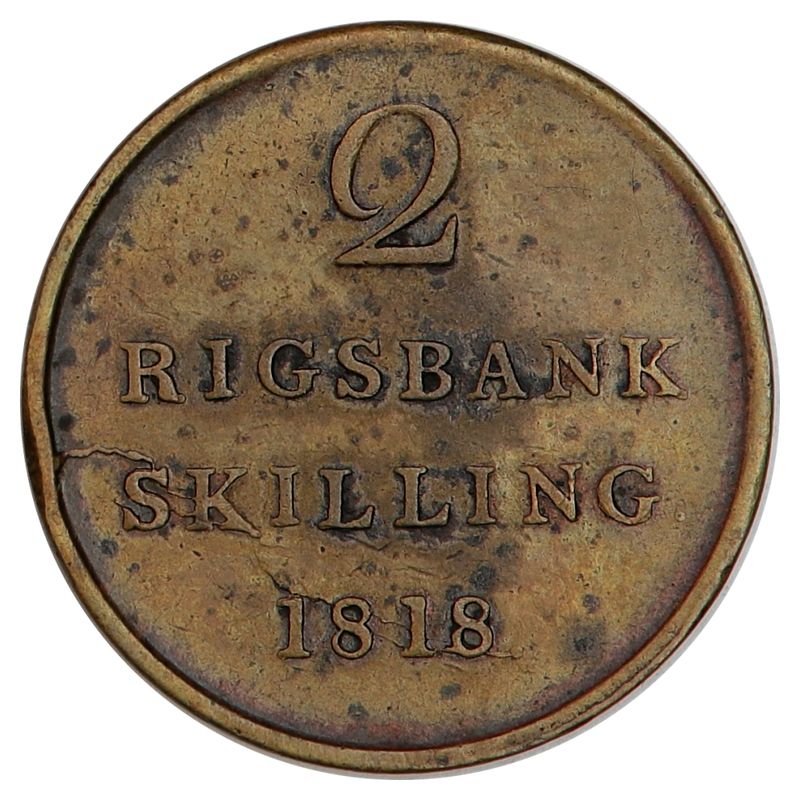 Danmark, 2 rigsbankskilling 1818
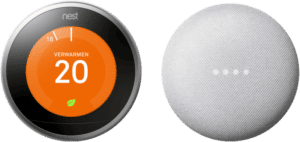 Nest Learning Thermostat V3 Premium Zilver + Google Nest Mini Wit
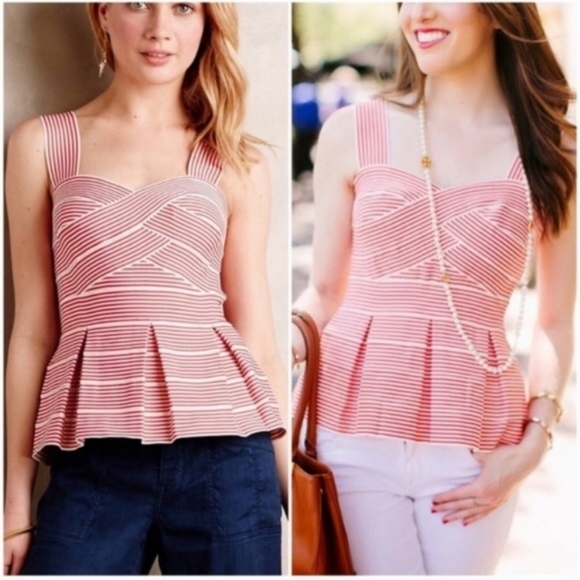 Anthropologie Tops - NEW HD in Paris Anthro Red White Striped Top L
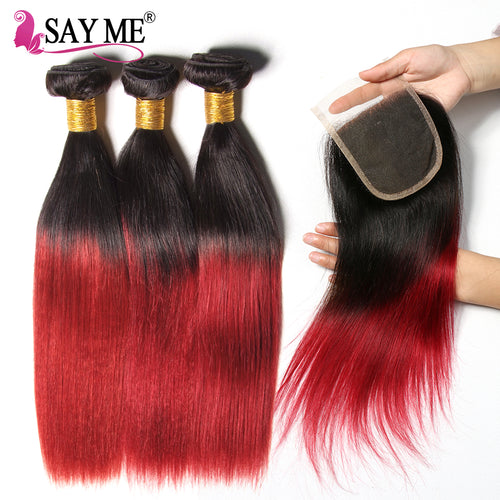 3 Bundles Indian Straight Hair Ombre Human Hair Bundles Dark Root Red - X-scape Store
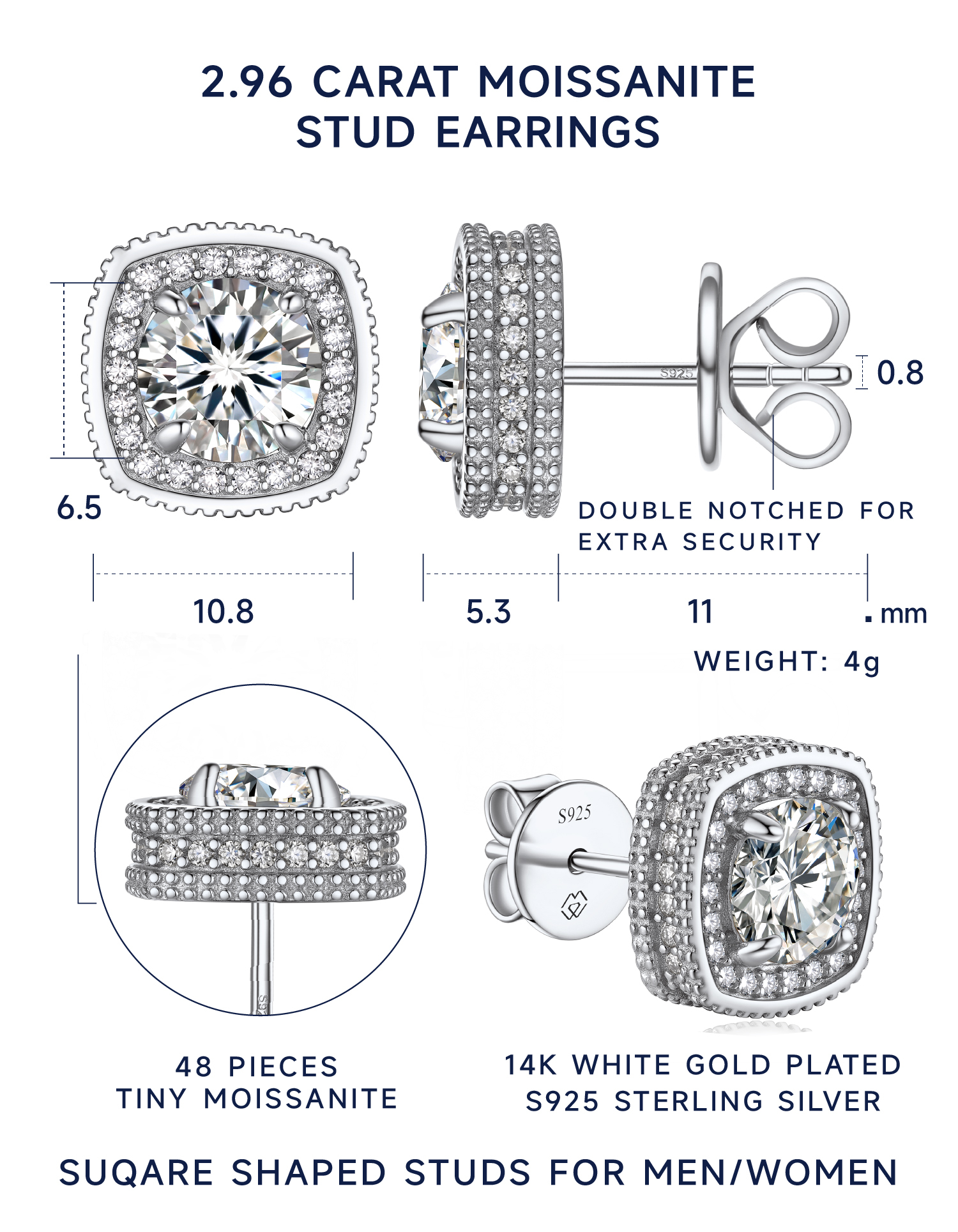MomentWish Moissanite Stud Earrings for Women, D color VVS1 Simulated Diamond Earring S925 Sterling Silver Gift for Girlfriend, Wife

Problem to work on: Once the line holding "Anthropologie Tops - NEW" is found, copy it and each later line exactly through the end of the data, leaving out the pictures.

Result:
 Anthropologie Tops - NEW HD in Paris Anthro Red White Striped Top L
 3 Bundles Indian Straight Hair Ombre Human Hair Bundles Dark Root Red - X-scape Store
MomentWish Moissanite Stud Earrings for Women, D color VVS1 Simulated Diamond Earring S925 Sterling Silver Gift for Girlfriend, Wife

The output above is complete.